Chacala's restaurant row

Anchored just off the beach

Cobblestone streets and the minisuper

Kathryn shopping for her nieces 

Best pancakes I've had in Mexico!

Chacala beach

Chacala was beautiful and a very relaxing destination.  We'll be back!

Monday, December 23, 2013


Crossing to MazatlanAfter sailing 2,000 miles in the past 3 months, Kathryn and I had yet to complete an overnight passage by ourselves. The 175 mile trip from the coast of Baja across the Sea of Cortez to Mazatlan was our first. We downloaded our weather data, practiced what we learned in our weather courses, and came up with a good forecast for our crossing. We sailed with our buddy boat (Bill & Sandy on Wavelength) and the trip was just about perfect. We had 12 - 17 knot winds and moderate waves on the beam that made for a very quick and pleasant trip.

Sunrise on the overnight crossing to Mazatlan

Our buddy  boat, Wavelength

I'm always a bit anxious entering a new port for the first time and the charts for the area weren't the best.
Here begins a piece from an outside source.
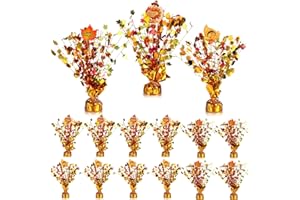 Ceenna 12 Pieces Thanksgiving Table Decorations Fall Metallic Gleam Foil Spray Centerpieces Faux Turkey Branches Maple Glitter Plastic Spray Table Centerpiece for Christmas Holiday Party Supplies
The entrance channel was narrow, but plenty deep with minimal current, so no problema. The marina gave us good slips and we had access to all the facilities at El Cid resort. El Cid marina was an excellent place for our two week stay in Mazatlan.

El Cid breakwater

El Cid marina - Agave Azul & Wavelength

We spent several days exploring and especially enjoyed the older historic French and Spanish architecture. Near where the photo below was taken is Plaza Machado, known as the cultural center of Mazatlan. While we were in town, Teatro Angela Peralta hosted two performances and we had our choice of Dvorak's New World Symphony or a Flamenco dance company.  The New World Symphony was always a favorite when I was in band & orchestra in high school, but the Flamenco dancers won out, and it was excellent.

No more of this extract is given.